Captioned web images

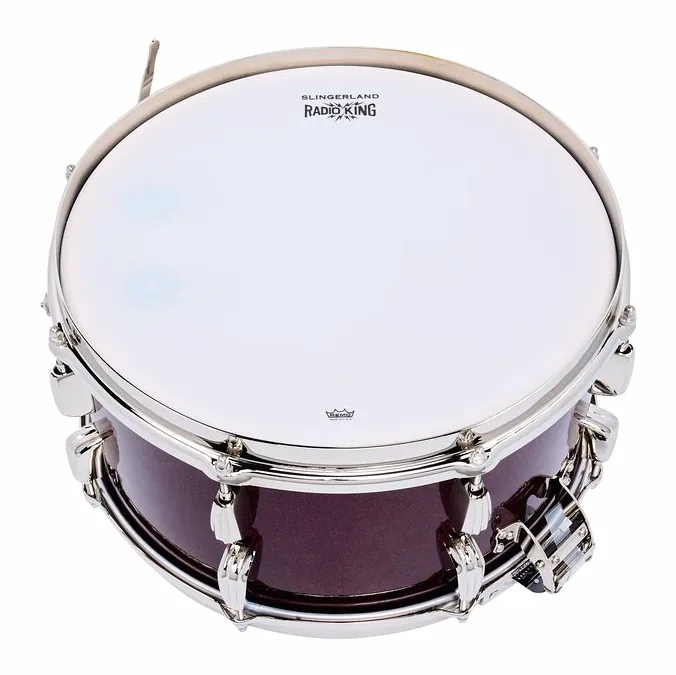 Slingerland 14"x07" Radio King Maple MG, de face sur fond neutre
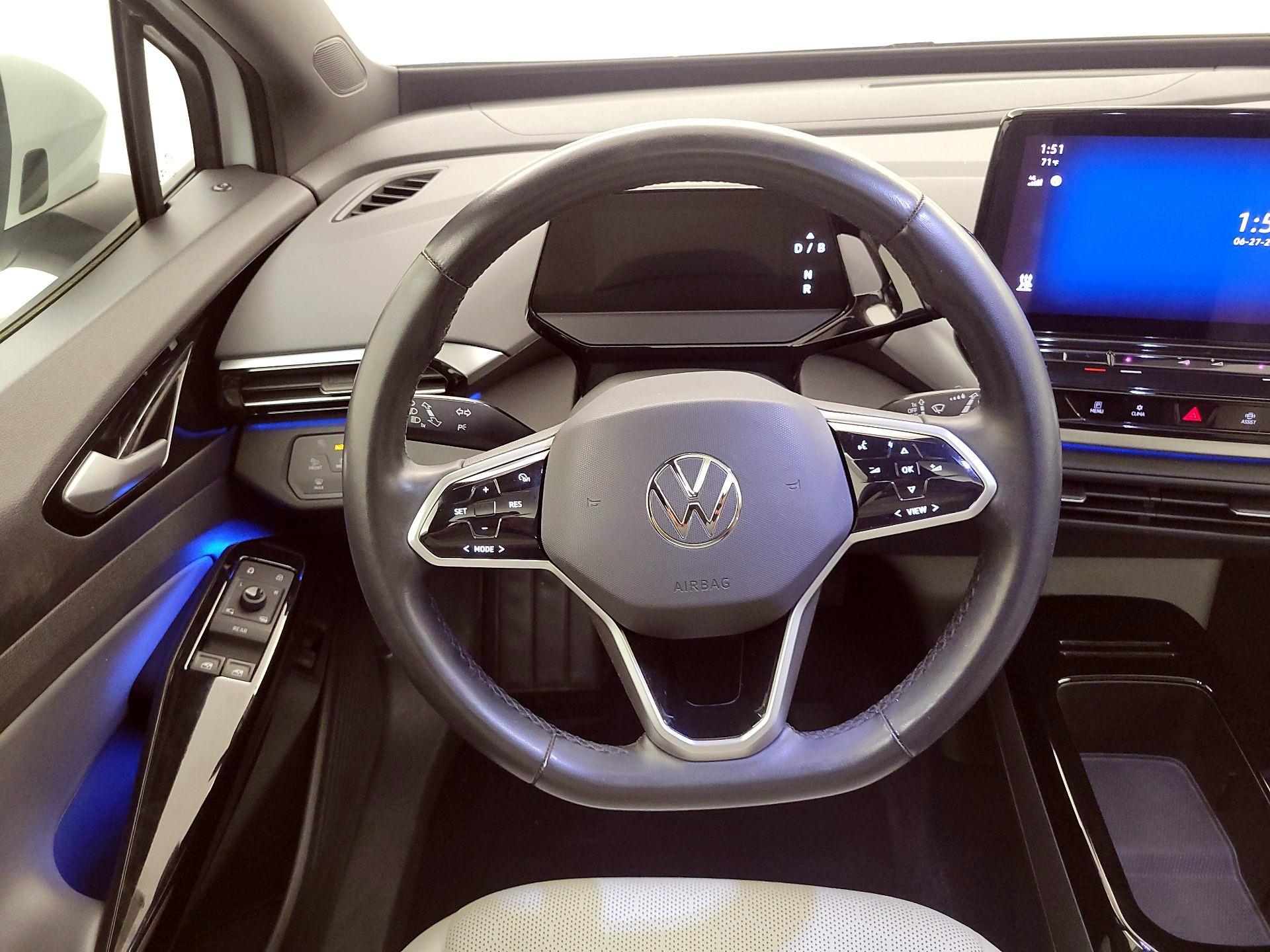 Thumbnail: 2021 Volkswagen ID.4 - 10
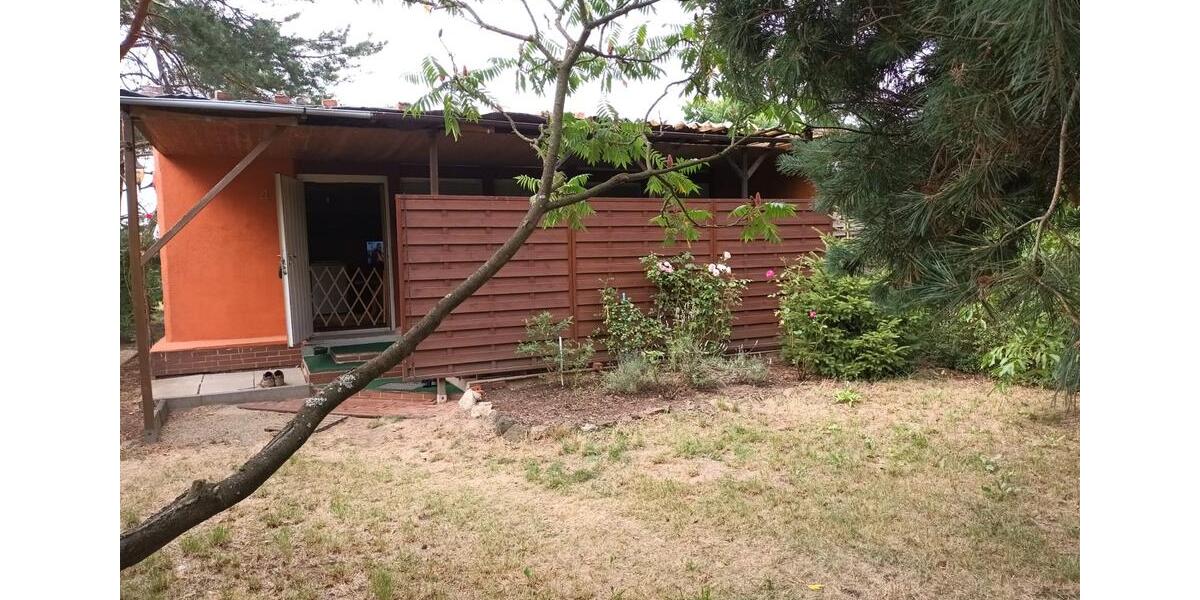 Bungalow Uebigau-Wahrenbrück Wahrenbrück - 2 Zimmer, 30 m&sup2;, 15.000&euro; | Angebot:26522678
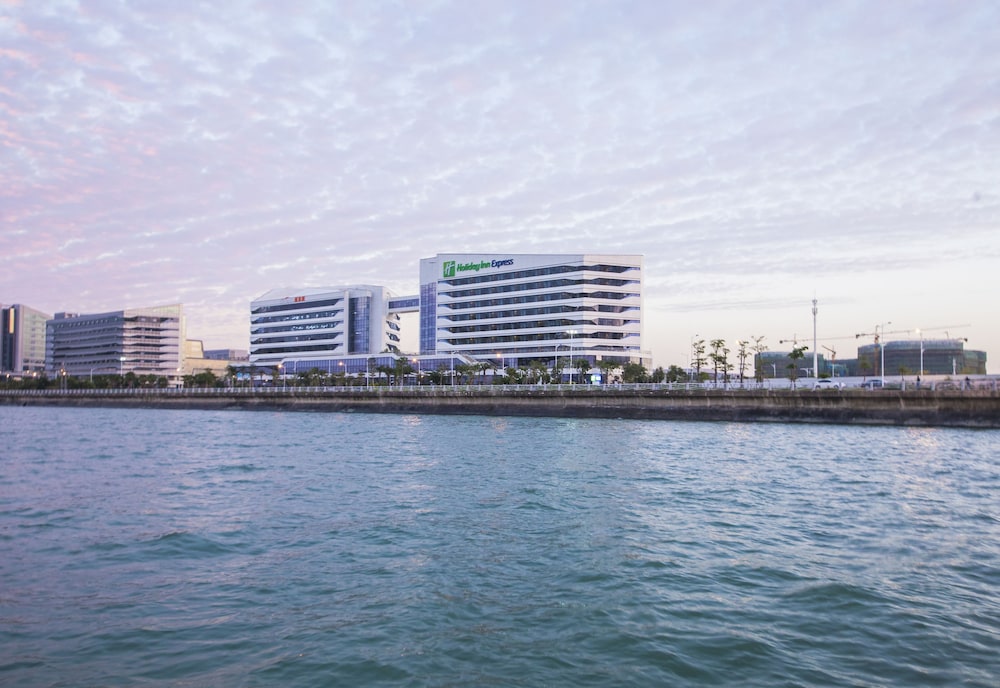 Holiday Inn Express Xiamen Airport Zone by IHG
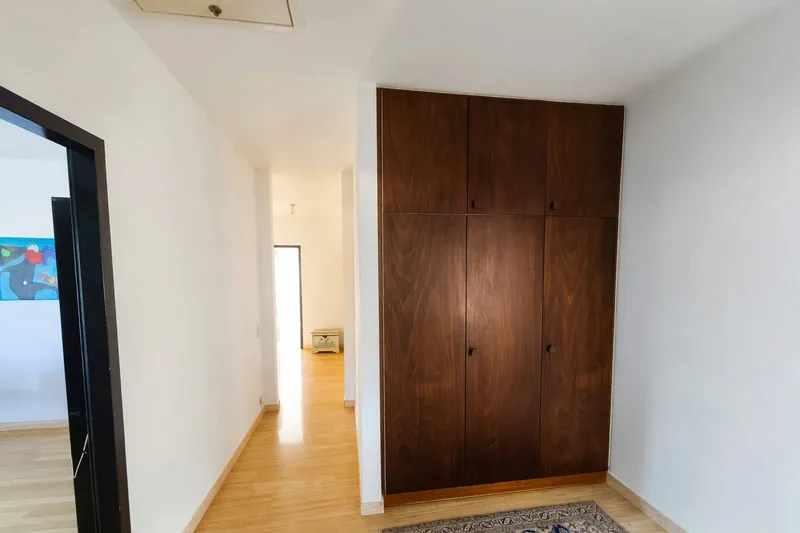 Appartamento 4,5 con camino e tre terrazzi a Manno, foto 4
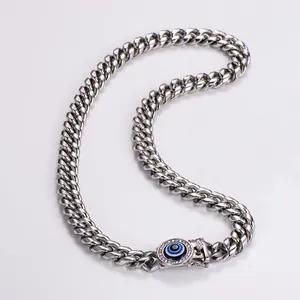 Dettaglio di una collana a catena in acciaio inossidabile con chiusura occhio di Allah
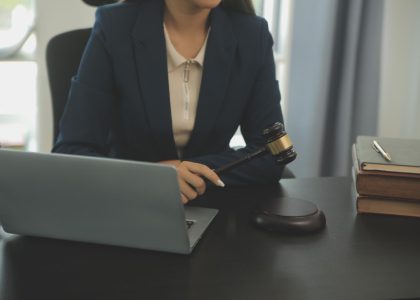 avocat specializat în dreptul muncii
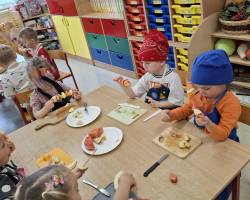 dzieci podczas wykonywania owocowych szaszłyków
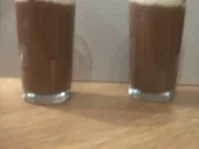 Baileys-Becher mit Sahnehaube - Rezept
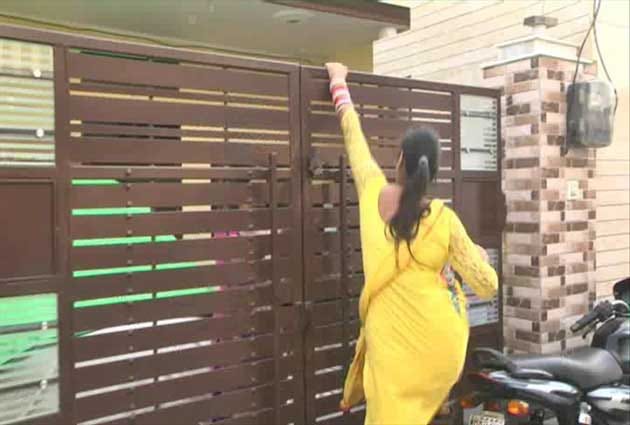 UP Women love of her husband's high-profile dramas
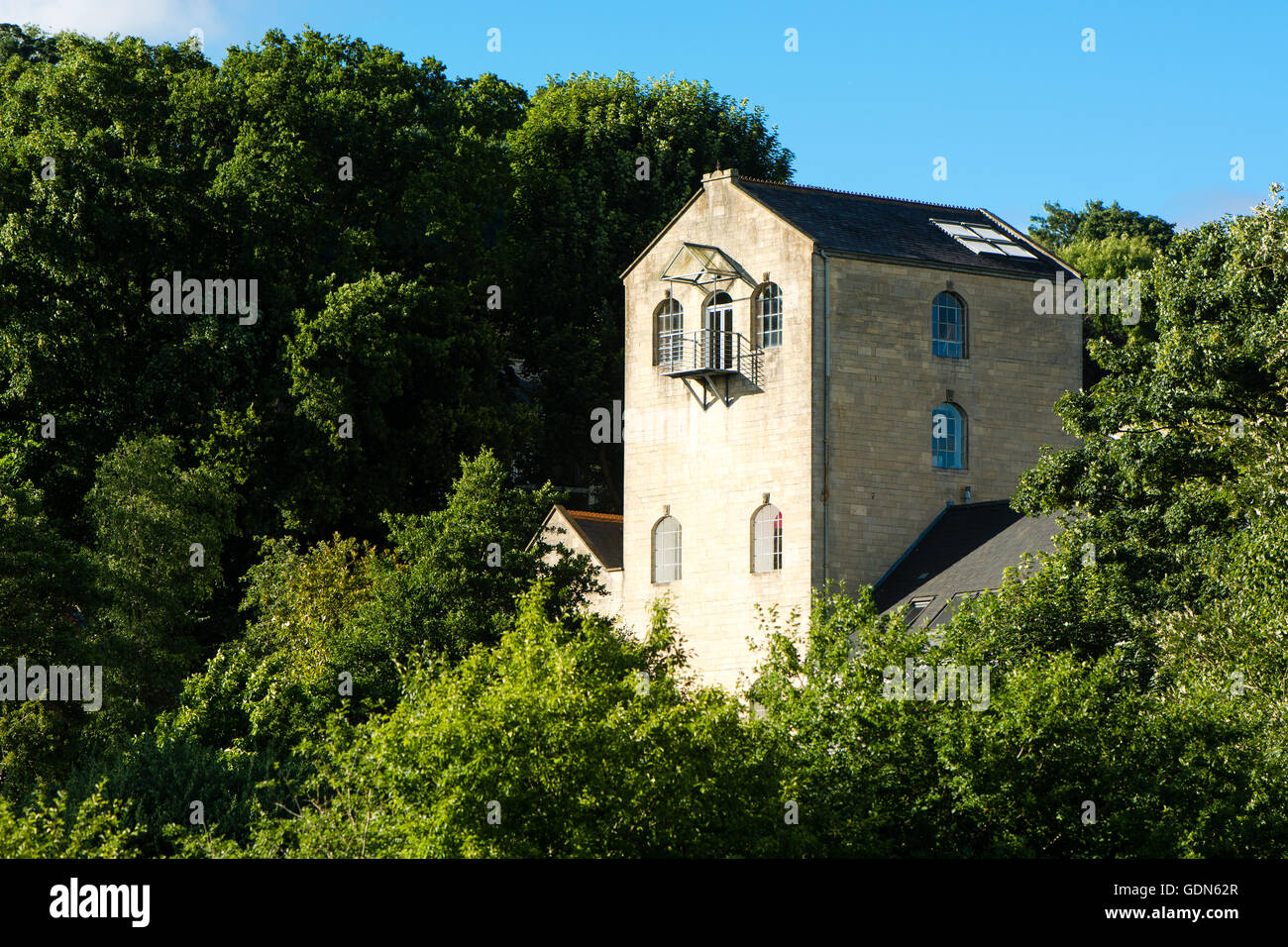 Il mulino in Bathampton. Tessuto storico mulino alla periferia del Patrimonio Mondiale UNESCO Città di Bath, Somerset, Regno Unito Foto Stock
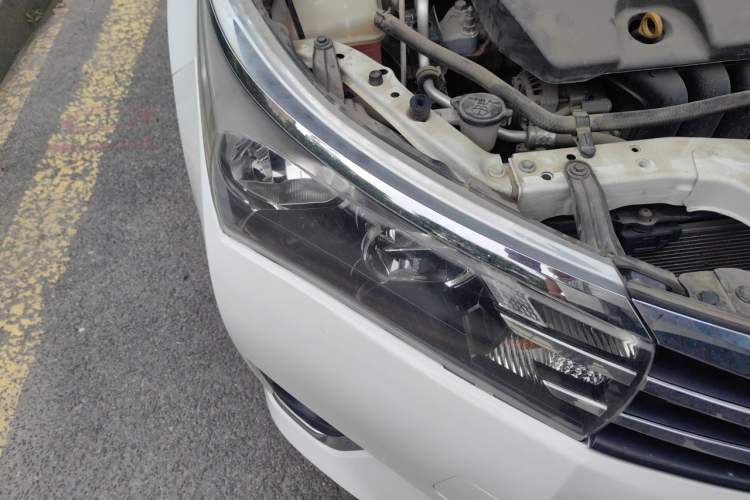 Used Toyota Corolla 2014 1.6L CVT GL Right Front Headlight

Assigned task: Produce a word-for-word copy of the records, omitting all images.

Completed exercise:
 Slingerland 14"x07" Radio King Maple MG, de face sur fond neutre
 Thumbnail: 2021 Volkswagen ID.4 - 10
 Bungalow Uebigau-Wahrenbrück Wahrenbrück - 2 Zimmer, 30 m&sup2;, 15.000&euro; | Angebot:26522678
 Holiday Inn Express Xiamen Airport Zone by IHG
 Appartamento 4,5 con camino e tre terrazzi a Manno, foto 4
 Dettaglio di una collana a catena in acciaio inossidabile con chiusura occhio di Allah
 avocat specializat în dreptul muncii
 dzieci podczas wykonywania owocowych szaszłyków
 Baileys-Becher mit Sahnehaube - Rezept
 UP Women love of her husband's high-profile dramas
 Il mulino in Bathampton. Tessuto storico mulino alla periferia del Patrimonio Mondiale UNESCO Città di Bath, Somerset, Regno Unito Foto Stock
 Used Toyota Corolla 2014 1.6L CVT GL Right Front Headlight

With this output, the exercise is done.